Malazgirt, tarihin akışını değiştiren büyük bir zaferin adıdır.
ALPARSLAN DİYARI- Selçuklu Sultanı Alparslan’ın 1071’de Bizans İmparatoru IV. Romanos Diogenes’i mağlup ettiği Malazgirt Meydan Muharebesi, Türklerin Anadolu’ya girişini perçinleyen önemli bir dönüm noktası olmuştur. Bu zafer, sadece askeri bir başarı değil, aynı zamanda Türk birlikteliğinin bir sembolü olmuştur.

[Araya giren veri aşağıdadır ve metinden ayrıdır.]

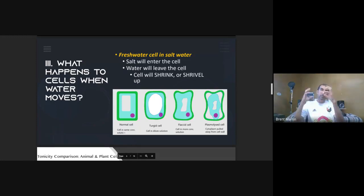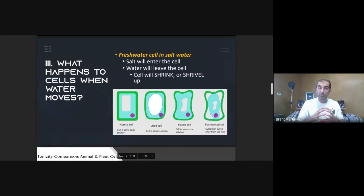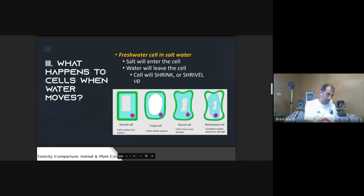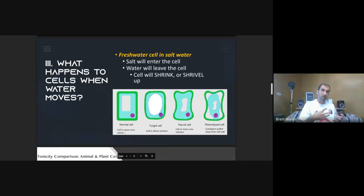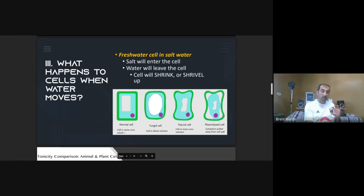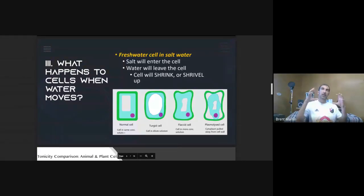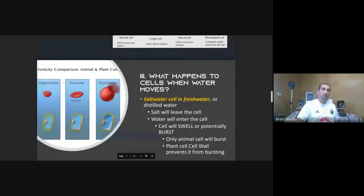If you put a fresh water cell — the water balloon — into a bucket of salt water, the balloon has no salt but the bucket has plenty. Salt will diffuse through the balloon membrane into it, trying to balance out. Water will move out of the balloon. That causes the balloon to shrink or shrivel up.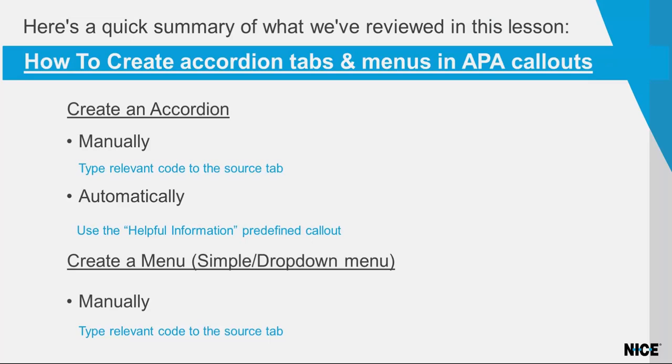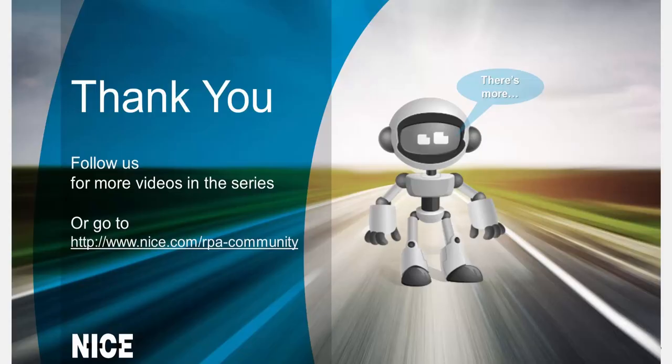Here's a summary of what we reviewed in this lesson. Now that you know how to create accordion tabs and menus, you can easily manage the space in your callout. Thank you for watching and stay tuned for more short how-to videos about the nice real-time designer's functions.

Ancak Malazgirt’in hikâyesi sadece 1071’de yazılmadı. İlçenin idari yapısı, 20. yüzyılda bile değişimlere sahne oldu. 1929 yılında Muş’un tekrar il statüsü kazanmasıyla Malazgirt, Muş’a bağlandı. Fakat bu bağ, uzun sürmedi; 1934 yılında alınan bir kararla Malazgirt, Ağrı’ya bağlandı. İlçenin Muş’a olan dönüşü ise 4 Ocak 1936’da gerçekleşti.
Bu idari değişimler, Malazgirt’in tarihi ve kültürel bağlarının Muş ile ne kadar güçlü olduğunun bir göstergesi oldu. Anadolu’nun kadim coğrafyasında, Malazgirt, Türk tarihindeki önemiyle birlikte Muş’un ayrılmaz bir parçası olarak anılmaya devam etti.
Malazgirt, zaferin ruhunu yaşatmaya devam ediyor. Tarihi dokusuyla ve her yıl düzenlenen etkinliklerle, 1071 ruhunu genç nesillere aktaran Malazgirt, Muş’un önemli bir ilçesi olmanın yanı sıra, Türk tarihine de yön veren bir sembol olmaya devam ediyor.
Geçmişin izlerini yaşatmak ve bu önemli olayları hatırlatmak, tarihimize olan saygımızı göstermenin en güzel yolu. Malazgirt, sadece bir zaferin adı değil, Türk milletinin ortak hafızasının en parlak sayfalarından biridir.